New Olympic moment

Published Monday, May 28, 2012

As a fond and knowledgeable outside observer of Atlanta for 30 years, I have been pleased to watch the “city too busy to hate” and your hosting the 1996 Olympics. But I am fearful for your future. As I’ve mentioned in recent speeches and articles, Hotlanta is no longer hot.

Metro Atlanta has had a lost economic decade. You have fewer jobs today than in 2001, but a higher population. Your houses have lost 29 percent of their value in inflation-adjusted terms over the past 10 years. Brookings’ Global MetroMonitor ranks your economic prospects as 189th out of the top 200 metros in the world. And you still have some of the worst traffic congestion in the country.

How have you gotten yourself in this situation?

You have forgotten why Atlanta was founded in the first place: transportation.
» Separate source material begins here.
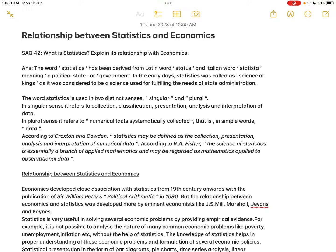Even economics, for a long period of time, was associated with politics. Until Adam Smith tried to separate economics from politics, economics was also associated with politics. Similarly, statistics was also associated with politics. In olden days, when kings needed certain information, statistical data used to be collected and provided to them. That was the origin of both the word and the subject of statistics.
There is a reason an early name for Atlanta was Terminus. There is no reason for the region to be where it is physically except for the enlightened investment of past civic and private leaders in the transportation that has propelled your growth. First it was freight rail, then highways and then airplanes.
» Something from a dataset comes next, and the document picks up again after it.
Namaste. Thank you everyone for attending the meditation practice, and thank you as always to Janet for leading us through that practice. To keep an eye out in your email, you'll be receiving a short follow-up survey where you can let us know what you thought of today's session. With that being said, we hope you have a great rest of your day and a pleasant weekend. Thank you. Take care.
Atlanta has always led the way — until now.

Today’s knowledge economy demands a different way of building your region and getting people around. The pent-up demand is for walkable urban places. This is why the only metro neighborhoods to gain in real dollar value over the past decade were Grant Park, Virginia-Highland and East Lake — all slums or nearly slums 25 years ago, and all close to downtown Atlanta. They gained value because of the pent-up demand for walkable urban development. Meanwhile, high-end neighborhoods such as Alpharetta and Buckhead lost 16 percent of their value and fringe communities such as Stone Mountain lost more than 50 percent of their inflation-adjusted value.

The solution to this stagnation is to give the creative class and knowledge workers what they are demanding: walkable urban neighborhoods and places of business. Walkable urban places are being developed throughout the country in competitive metro areas such as Charlotte, Dallas, Houston, Denver and Washington, D.C.

Not providing this type of environment to live, work and play means you have been lapped by your competition.

Walkable urban places require a portfolio of different transportation options, not just highways. Car transportation will always be important, but metro Atlanta has to offer choices, which it does not today.

A diverse portfolio of car/truck, rail transit, buses, bikes and walkability will allow for the real estate industry to build the walkable urban places the economy is demanding. And this is not just inside the Perimeter. National research shows that a majority of walkable urban development will be built in the suburbs — much of it outside the Perimeter.

That is why the July 31 transportation ballot measure is the early 21st century Olympic moment for Atlanta. If you do not pass it, Atlanta will be out of position for the next generation. If you don’t build rail transit and walkable urban places, economic growth will go elsewhere.

As a longtime friend of Atlanta, I would love to see Hotlanta become hot again.

Christopher B. Leinberger is a professor at George Washington University School of Business and Brookings Institution Senior Fellow.